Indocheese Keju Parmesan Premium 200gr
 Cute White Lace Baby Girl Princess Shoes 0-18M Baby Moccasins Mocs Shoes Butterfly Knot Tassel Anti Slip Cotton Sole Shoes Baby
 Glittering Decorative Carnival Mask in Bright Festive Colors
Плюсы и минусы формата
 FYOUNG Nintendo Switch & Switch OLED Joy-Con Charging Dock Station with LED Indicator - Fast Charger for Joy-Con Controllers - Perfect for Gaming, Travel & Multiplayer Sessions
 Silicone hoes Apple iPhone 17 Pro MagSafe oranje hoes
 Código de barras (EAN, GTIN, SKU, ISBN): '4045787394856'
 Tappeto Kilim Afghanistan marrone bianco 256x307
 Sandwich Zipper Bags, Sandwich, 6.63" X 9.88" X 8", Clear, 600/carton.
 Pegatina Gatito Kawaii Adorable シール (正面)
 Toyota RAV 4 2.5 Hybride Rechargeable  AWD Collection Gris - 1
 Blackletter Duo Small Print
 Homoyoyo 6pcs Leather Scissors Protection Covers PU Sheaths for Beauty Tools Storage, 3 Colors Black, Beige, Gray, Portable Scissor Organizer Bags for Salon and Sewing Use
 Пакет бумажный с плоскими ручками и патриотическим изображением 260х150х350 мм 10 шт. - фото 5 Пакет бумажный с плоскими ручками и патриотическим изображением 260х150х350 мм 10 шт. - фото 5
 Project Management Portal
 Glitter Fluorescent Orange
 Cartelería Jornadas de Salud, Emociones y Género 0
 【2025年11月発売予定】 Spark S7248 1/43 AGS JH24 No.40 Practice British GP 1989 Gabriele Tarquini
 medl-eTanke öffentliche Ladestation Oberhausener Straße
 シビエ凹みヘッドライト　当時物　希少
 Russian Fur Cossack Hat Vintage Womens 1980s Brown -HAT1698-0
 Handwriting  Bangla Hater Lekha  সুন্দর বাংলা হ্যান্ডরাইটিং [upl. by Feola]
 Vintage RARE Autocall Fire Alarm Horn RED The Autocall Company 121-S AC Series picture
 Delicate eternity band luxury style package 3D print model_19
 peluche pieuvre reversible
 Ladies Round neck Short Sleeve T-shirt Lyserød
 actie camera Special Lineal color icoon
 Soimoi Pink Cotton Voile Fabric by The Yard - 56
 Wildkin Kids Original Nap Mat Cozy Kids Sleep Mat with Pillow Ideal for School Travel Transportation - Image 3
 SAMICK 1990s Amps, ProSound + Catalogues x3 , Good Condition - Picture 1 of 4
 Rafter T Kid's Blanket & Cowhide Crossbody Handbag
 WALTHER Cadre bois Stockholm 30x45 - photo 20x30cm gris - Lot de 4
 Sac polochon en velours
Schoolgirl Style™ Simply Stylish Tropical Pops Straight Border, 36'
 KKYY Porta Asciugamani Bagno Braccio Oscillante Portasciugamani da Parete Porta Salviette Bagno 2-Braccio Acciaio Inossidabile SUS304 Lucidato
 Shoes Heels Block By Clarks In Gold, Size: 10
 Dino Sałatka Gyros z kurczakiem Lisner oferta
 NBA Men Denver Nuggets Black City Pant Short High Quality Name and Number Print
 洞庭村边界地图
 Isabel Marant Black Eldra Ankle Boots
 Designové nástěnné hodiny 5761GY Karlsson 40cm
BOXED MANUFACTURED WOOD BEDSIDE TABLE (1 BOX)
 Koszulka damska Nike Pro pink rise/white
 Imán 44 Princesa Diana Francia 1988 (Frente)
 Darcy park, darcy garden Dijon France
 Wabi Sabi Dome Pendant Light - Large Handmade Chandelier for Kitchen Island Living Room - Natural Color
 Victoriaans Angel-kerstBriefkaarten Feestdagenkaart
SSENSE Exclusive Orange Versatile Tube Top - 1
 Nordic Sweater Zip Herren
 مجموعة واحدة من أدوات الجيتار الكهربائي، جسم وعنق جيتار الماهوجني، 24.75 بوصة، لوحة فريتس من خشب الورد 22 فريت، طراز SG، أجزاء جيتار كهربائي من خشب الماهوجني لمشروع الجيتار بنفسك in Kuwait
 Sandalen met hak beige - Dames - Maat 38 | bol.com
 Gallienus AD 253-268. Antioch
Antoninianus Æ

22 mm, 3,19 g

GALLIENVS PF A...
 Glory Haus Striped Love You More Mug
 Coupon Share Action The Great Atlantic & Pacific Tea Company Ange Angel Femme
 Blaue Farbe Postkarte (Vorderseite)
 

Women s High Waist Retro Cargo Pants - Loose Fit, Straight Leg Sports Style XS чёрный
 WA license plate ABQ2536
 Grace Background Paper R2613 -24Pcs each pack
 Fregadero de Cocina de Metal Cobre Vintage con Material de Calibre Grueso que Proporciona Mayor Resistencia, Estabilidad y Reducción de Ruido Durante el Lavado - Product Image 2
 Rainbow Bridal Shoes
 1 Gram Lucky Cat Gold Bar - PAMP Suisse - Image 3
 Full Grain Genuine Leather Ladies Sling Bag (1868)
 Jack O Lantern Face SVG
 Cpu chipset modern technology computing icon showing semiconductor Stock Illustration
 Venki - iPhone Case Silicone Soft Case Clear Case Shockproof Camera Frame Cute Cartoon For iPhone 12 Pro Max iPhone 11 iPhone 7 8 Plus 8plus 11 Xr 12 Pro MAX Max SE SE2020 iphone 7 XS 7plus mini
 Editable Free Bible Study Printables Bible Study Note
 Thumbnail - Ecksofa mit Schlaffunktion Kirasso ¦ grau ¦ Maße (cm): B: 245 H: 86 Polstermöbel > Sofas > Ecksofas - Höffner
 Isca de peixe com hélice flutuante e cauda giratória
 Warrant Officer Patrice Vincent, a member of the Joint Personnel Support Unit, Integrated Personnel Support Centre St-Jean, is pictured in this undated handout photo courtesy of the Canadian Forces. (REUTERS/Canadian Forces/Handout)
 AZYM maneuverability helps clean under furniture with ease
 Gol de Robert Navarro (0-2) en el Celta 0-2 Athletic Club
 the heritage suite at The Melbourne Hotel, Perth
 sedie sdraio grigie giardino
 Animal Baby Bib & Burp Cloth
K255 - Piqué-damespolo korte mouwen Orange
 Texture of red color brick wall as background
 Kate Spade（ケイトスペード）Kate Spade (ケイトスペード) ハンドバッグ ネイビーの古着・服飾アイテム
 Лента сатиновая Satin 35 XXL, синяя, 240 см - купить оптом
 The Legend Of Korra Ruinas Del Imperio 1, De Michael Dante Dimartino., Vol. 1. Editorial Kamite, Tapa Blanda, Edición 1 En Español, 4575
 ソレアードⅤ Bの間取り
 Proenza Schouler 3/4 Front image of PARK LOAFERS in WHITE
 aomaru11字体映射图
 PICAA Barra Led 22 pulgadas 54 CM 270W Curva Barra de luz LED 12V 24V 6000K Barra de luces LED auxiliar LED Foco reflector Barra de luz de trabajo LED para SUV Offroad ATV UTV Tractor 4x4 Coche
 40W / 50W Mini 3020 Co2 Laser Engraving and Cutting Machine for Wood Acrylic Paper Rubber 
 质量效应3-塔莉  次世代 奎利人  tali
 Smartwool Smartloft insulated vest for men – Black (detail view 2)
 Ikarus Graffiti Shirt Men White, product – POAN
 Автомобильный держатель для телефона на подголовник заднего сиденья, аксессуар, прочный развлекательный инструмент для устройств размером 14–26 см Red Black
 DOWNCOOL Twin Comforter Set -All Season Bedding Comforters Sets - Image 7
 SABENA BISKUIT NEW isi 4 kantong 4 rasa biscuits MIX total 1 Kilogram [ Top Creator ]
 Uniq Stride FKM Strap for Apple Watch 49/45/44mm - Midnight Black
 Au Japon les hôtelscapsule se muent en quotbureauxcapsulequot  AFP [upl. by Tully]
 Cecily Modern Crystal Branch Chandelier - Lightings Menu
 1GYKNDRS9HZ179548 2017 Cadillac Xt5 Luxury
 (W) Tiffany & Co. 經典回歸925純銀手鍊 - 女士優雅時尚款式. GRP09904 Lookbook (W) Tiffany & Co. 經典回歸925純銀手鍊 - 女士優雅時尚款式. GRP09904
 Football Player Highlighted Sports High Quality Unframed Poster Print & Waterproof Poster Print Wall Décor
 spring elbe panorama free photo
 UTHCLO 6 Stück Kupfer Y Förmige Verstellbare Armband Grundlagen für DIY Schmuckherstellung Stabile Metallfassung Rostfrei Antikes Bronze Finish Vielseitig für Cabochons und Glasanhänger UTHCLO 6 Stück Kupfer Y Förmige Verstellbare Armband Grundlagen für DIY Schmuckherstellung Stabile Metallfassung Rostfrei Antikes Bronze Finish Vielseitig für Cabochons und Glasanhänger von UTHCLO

━━━━━━━━━━━━━━━━━━━━

■ Work instructions
Only a number is wanted here: how many lines in the entries contain the word "High"?

■ Response to this exercise
3